Search code examples
regexsparqlrdf

What flavor of regex should be used with DBpedia/Virtuoso SPARQL?


I'm trying to match only full strings, and not substrings in sparql using FILTER.

I am querying on DBPedia (which is hosted on Virtuoso).

I'm not quite sure if SPARQL supports wordbounds, seeing how using something like

FILTER(regex(?name, "V", "i"))

will find those who contain V, IV, VI, VII, and so forth.

Now, I've tried using

FILTER(regex(?name, "\<V\>", "i"))

which generates a compile error on the endpoint

Virtuoso 37000 Error SP030: SPARQL compiler, line 0: Bad escape sequence in a short double-quoted string at '"\'

I've also tried doing

FILTER(regex(?name, "\bV\b", "i"))

And while this query is accepted, it doesn't return any results, which I guess is because it takes it as backspace instead of wordbounds.

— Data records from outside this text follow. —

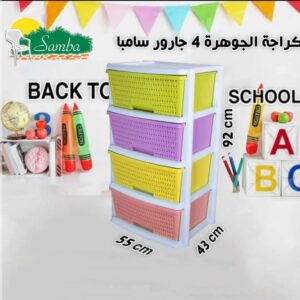 خزانة تخزين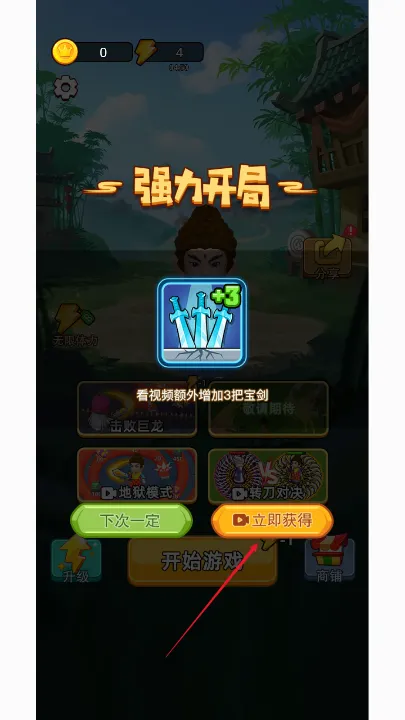 乱斗大比拼免广告下载 乱斗大比拼免广告下载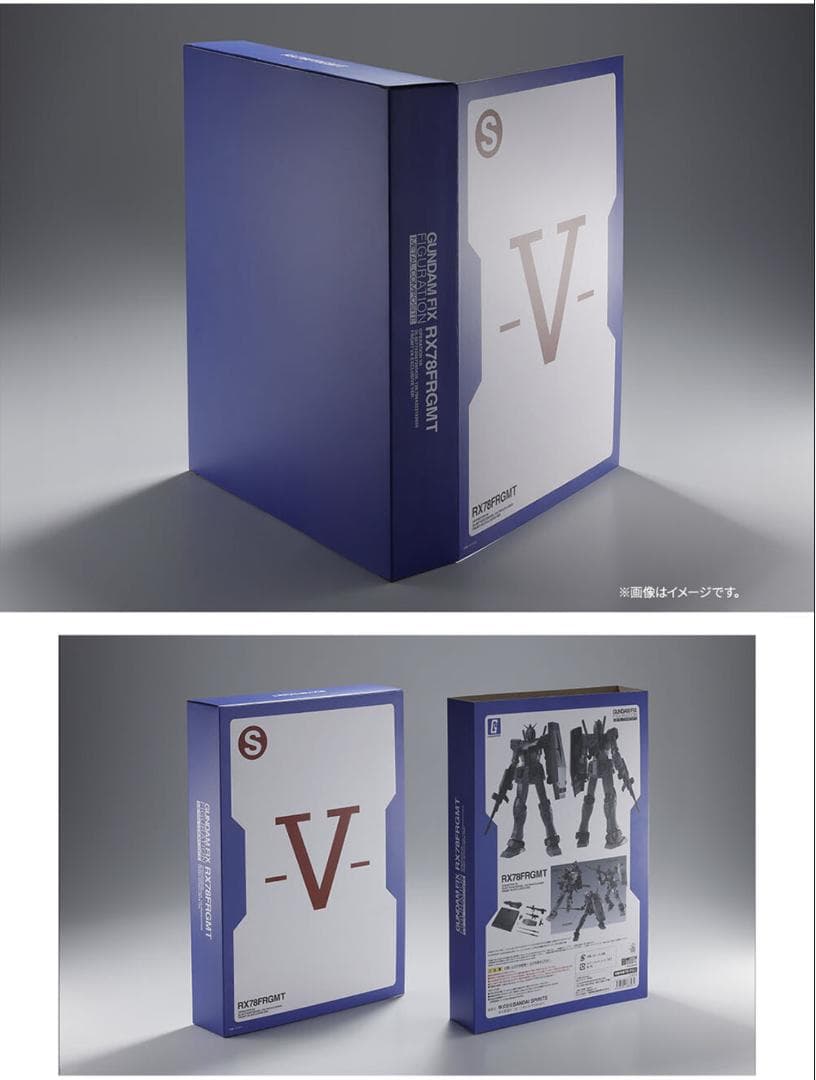 【新品未開封】L COMPOSITE RX78FRGMT GUNDAM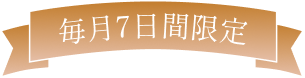 毎月7日間限定
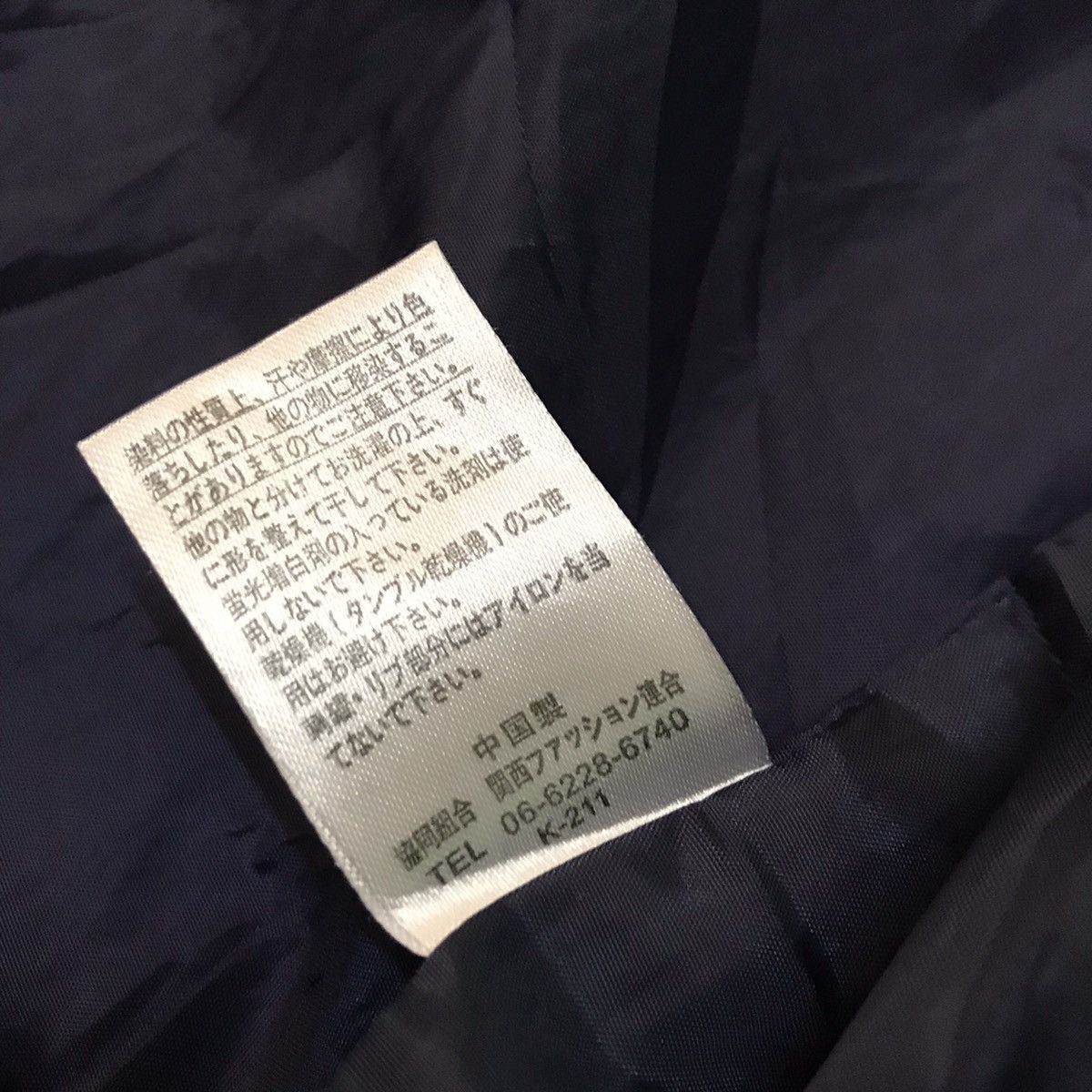 Japanese Brand Private pause bomber style jacket Size M / US 6-8 / IT 42-44 - 13 Thumbnail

I've tried looking for the flavor it uses, the only thing I found is that it uses XQuery 1.0 and XPath 2.0 Functions and Operators

Thanks for your time!


Solution

  • Word bounds work with \\b, see

    SELECT DISTINCT ?s ?l WHERE {
      ?s a <http://dbpedia.org/ontology/SoccerClub> ;
         <http://www.w3.org/2000/01/rdf-schema#label> ?l
      FILTER(LANGMATCHES(LANG(?l),'en'))
      FILTER(REGEX(STR(?l), "\\bD", "i"))
    } LIMIT 100
    

    which returns soccer clubs with a word beginning with "d" in its English name.

    ETA: Virtuoso developers report that it uses Perl Compatible Regular Expressions.